Apelação parcialmente conhecida e, nesta parte, provida.
I -
RELATÓRIO
Vistos,
relatados e discutidos estes autos de Apelação Cível sob nº 496.369-3, da
Comarca de Andirá - Vara Cível, Família e Anexos, em que é apelante PEDRO
ANTONIO DUARTE e apelada EMMA APARECIDA FURLAN POSSAGNOLI.
Trata-se
de recurso interposto contra sentença (ff. 182/193), mediante a qual a MM.
Juíza julgou improcedentes os pedidos iniciais da medida cautelar de sustação
de protesto e da ação declaratória de inexigibilidade do título c/c danos
morais, ajuizadas por Pedro Antônio Duarte em face de Emma Aparecida Furlan
Possagnoli, condenando o autor ao pagamento das custas processuais e dos
honorários advocatícios, estes fixados em R$ 2.000,00 (dois mil reais), de
acordo com o art. 20, § 4º, do Código de Processo Civil.
O
requerente interpôs apelação (ff. 196/206), na qual alega, em síntese, que: a)
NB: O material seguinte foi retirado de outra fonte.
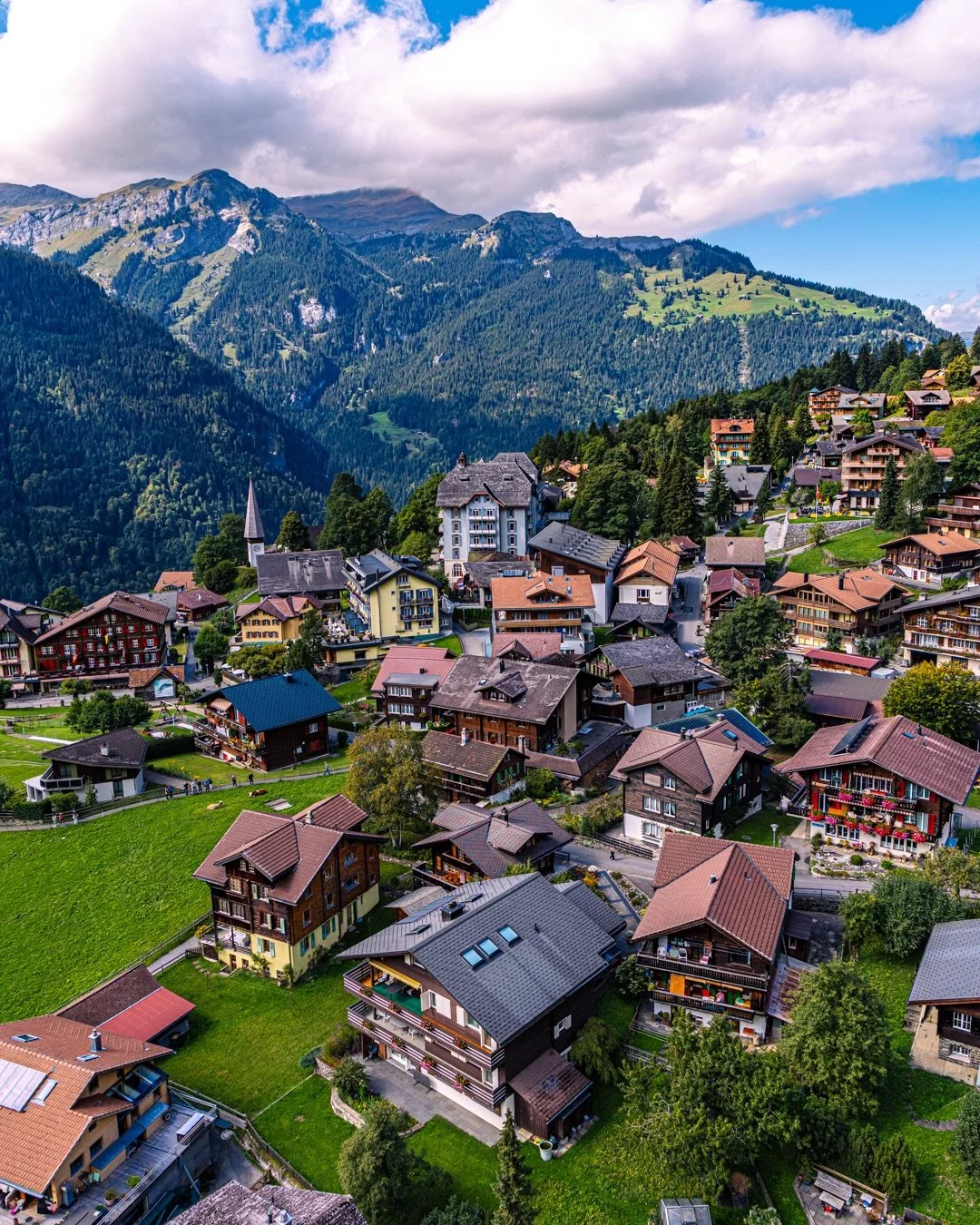 A little village with some big views. 🏔️

A few scenes from Wengen, the little mountain village I called home for a few days while exploring Switzerland&rsquo;s Bernese Oberland.

Wengen sits above the Lauterbrunnen Valley, with wooden chalets, flow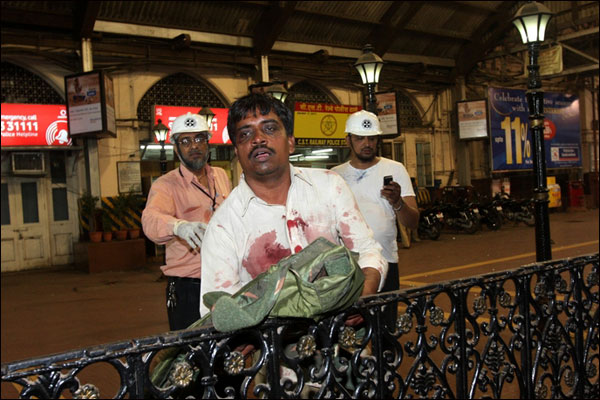 हमलों से दहली मुंबई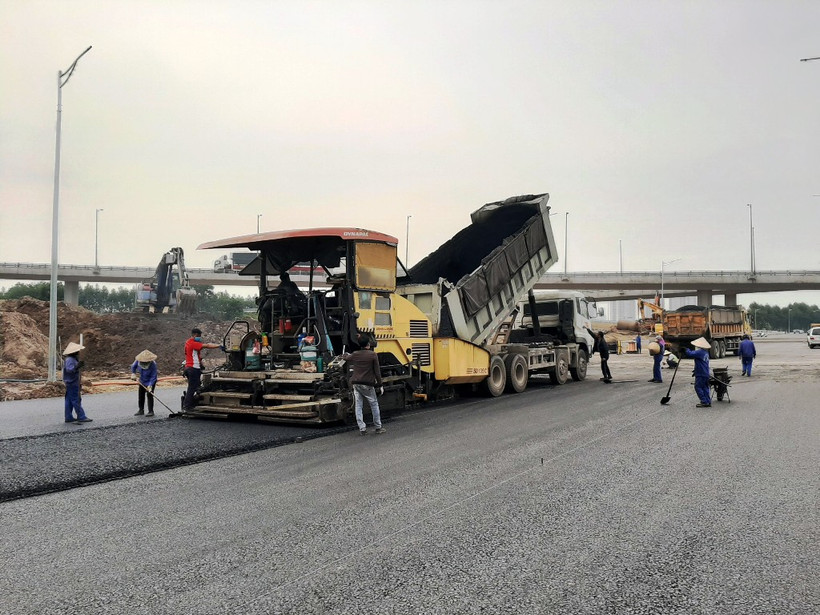 Nhà thầu thi công sửa chữa nền mặt đường một tuyến đường Quốc lộ. (Ảnh: Minh Hiếu/Vietnam+)c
a falta de aceite impede o protesto da duplicata por falta de pagamento; b) a
emissão da duplicata foi simulada, uma vez que "a quantidade estabelecida
pelas notas não são verdadeiras e não podem instruir a duplicata levada a
protesto por falta de pagamento" (sic); e, c) a duplicata é nula, de
acordo com art. 2º, §2º, da Lei nº. 5.474/68, por corresponder a mais de uma
nota fiscal fatura.
A
apelada apresentou contra-razões (ff. 211/214).
É o
relatório.
II -
VOTO E SUA FUNDAMENTAÇÃO
Presentes
os requisitos de admissibilidade, o recurso deve ser conhecido, exceto em
relação à alegação de que "o protesto teve como fundamento a falta de
pagamento, no entanto a duplicata deveria ter sido protestada por falta de
aceite" (f. 197).
A
alegação implica evidente inovação recursal, prática vedada pelo ordenamento
jurídico, em razão da norma do art. 517 do Código de Processo Civil.
Neste
sentido, observe-se o ensinamento de Amaral SANTOS:
"No
sistema brasileiro se devolve ao Juízo do recurso o conhecimento das mesmas
razões suscitadas e discutidas no juízo 'a quo'. Haverá no Juízo do recurso, um
novo pronunciamento, um novo julgamento com base no mesmo material de que se
serviu o juiz de primeiro grau. Os argumentos poderão variar, mas com
fundamentos nos mesmos fatos deduzidos e nas mesmas provas produzidas no Juízo
inferior. Daí segue-se que as questões de fato não propostas no Juízo inferior
não poderão ser suscitadas na apelação. A não ser assim, as novas questões de
fato seriam apreciadas e decididas com ofensa ao princípio do duplo grau de
jurisdição". (In Primeiras Linhas...., vol. 3, pg. 115.)
Outrossim,
em função do princípio da estabilização objetiva da lide, é vedada a
modificação do pedido ou da causa de pedir após o saneamento do processo,
conforme é a norma do artigo 264, parágrafo único, do Código de Processo Civil:
"Feita a citação, é defesa ao autor modificar o pedido ou a causa de
pedir, sem o consentimento do réu, mantendo-se as mesmas partes, salvo as substituições
permitidas por lei. Parágrafo único. A alteração do pedido ou da causa de pedir
em nenhuma hipótese será permitida após o saneamento do processo".
Portanto,
em razão do atual estágio da relação processual, não se pode admitir a
modificação da causa de pedir para que passe a abranger, também, a eventual
nulidade do protesto, por ter sido feito, em tese, em modalidade inadequada
(falta de pagamento enquanto deveria ser falta de aceite).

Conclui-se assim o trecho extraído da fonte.